The bureaucracy must reassert itself
If Jamaica's Government eventually finds the courage to implement, and stick with, a workable set of economic policies, its big problem will be finding the talent to manage the project.
The Government employs a lot of people. The problem, however, is that the bureaucracy has, over several decades, surrendered its authority and independence to the political executive. In its acquiescence, it has grown bloated, slow, lazy and mostly mediocre.
But all is not lost. For there remains in the permanent civil service, and other agencies, a core of talented, if overwhelmed, professionals, whose liberation can provide a strong foundation upon which to rebuild.
Their redemption, however, will require strong leadership from public-sector leaders who are not fatally compromised and who are willing to assert the logic of the old line of demarcation between the political executive and civil-service professionals.
NEED TO FACILITATE ENTERPRISE
The new bureaucracy, as part of this rebuilding, has to embrace the shifting paradigm of the State from an all-embracing benevolent provider to one whose core responsibility, even as it delivers basic services, is to facilitate enterprise. This transformation must include the creation of alliances with the private sector and wider civil society, with the advantage of creating insulation against the pressures of politicians.
We do not make these assertions lightly. Indeed, this newspaper believes that the deepening of Jamaica's social and economic crisis is paralleled by a retreat of the bureaucracy in the face of probing assaults on, and eventually, the overwhelming of its authority in the day-to-day management of the affairs of the State by politicians who flex their muscle of electoral support.

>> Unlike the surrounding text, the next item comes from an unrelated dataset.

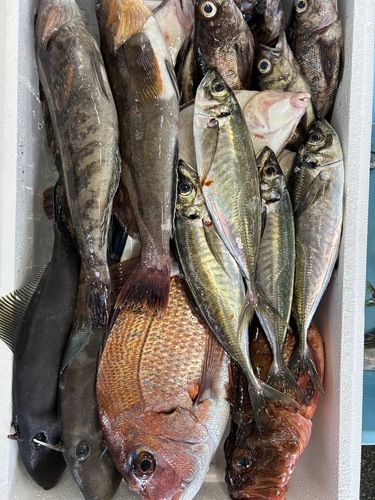 鮮魚BOX約5kg(沿岸)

The upshot: As the lines between policy creation and implementation became blurred, politics trumped economics and governance in the management of public affairs. It tells in Jamaica's high levels of real and perceived public corruption, an unsustainable national debt, and social dysfunction.
TACKLE CRISIS
This crisis has to be addressed on several fronts, starting with strategies to deal with the debt of 140 per cent of gross domestic product, servicing of which consumes 60 per cent of the Government's annual Budget. At the same time, there must be policies that generate growth.
The Government has accepted that a starting point for dealing with the debt crisis must be public-sector reform to cut cost and waste; pension reform to ensure public-sector employees contribute more to their retirement plans, thus easing the burden on the State; and tax reform to reduce evasion and corruption and to bring more people into the net.
Implementation of these policies will require competent, technical management, which may not exist in sufficient quantity in the current pool of bureaucrats. A government keen on reform would not hesitate to find them, and a sensible bureaucracy would embrace the recruits as its rebuilds and modernises itself.
The resuscitated bureaucracy also has to work at creating a new dialogue with the private sector in which the latter is viewed not with suspicion as an adversary, but as a partner in development. It must also see civil society not only as an intrusive watchdog, but one that can help to raise the alarm when the political executive would make forays across the line.
Herein, we believe, is a route to rescuing a government that has lost its way.